● **INFORMATION SHOWN**

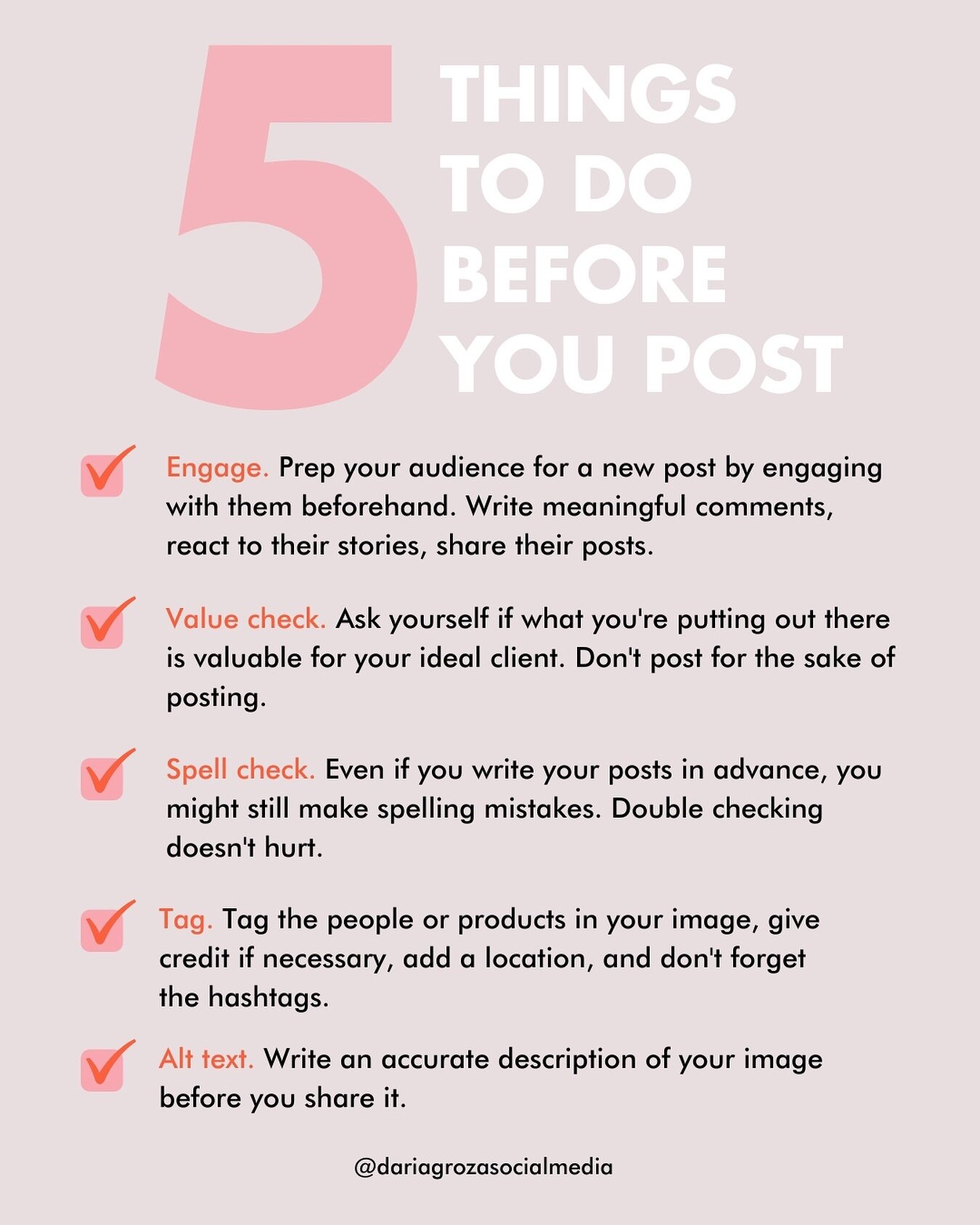 Is your next post ready? Go through this checklist before tapping on SHARE 👆

#instagramtipps #instagramtippsundtricks #instagramtippsf&uuml;runternehmen #instagramtippsf&uuml;ranf&auml;nger #socialmediatipp #instagramtipsdaily #instagramtipsforsucc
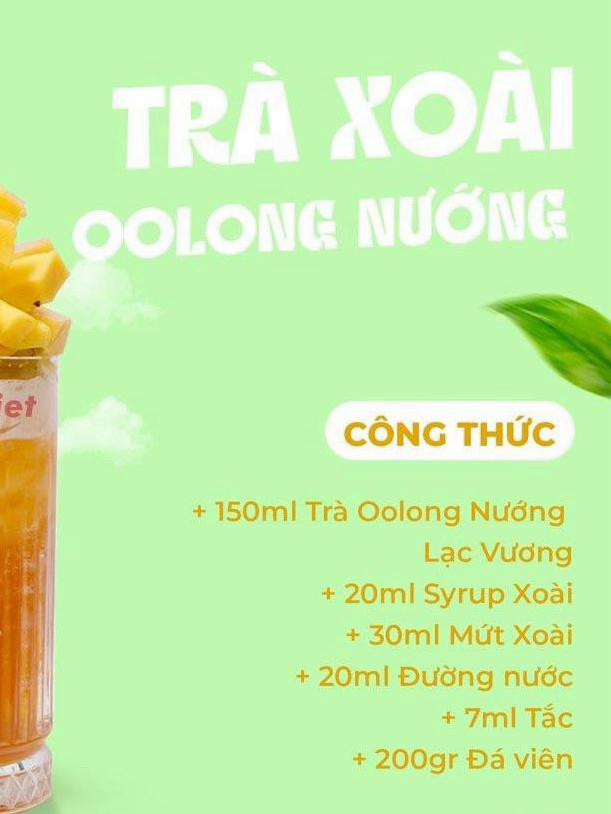 Tổng hợp công thức pha chế đồ uống: Cà phê trứng muối phô mai, Trà sữa foam chuối, Trà xoài chanh dây và Trà xoài Oolong nướng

● **TASK DESCRIPTION**
Repeat the material above word for word and skip every image in it.

● **RESPONSE TO THIS EXERCISE**
 Is your next post ready? Go through this checklist before tapping on SHARE 👆

#instagramtipps #instagramtippsundtricks #instagramtippsf&uuml;runternehmen #instagramtippsf&uuml;ranf&auml;nger #socialmediatipp #instagramtipsdaily #instagramtipsforsucc
 Tổng hợp công thức pha chế đồ uống: Cà phê trứng muối phô mai, Trà sữa foam chuối, Trà xoài chanh dây và Trà xoài Oolong nướng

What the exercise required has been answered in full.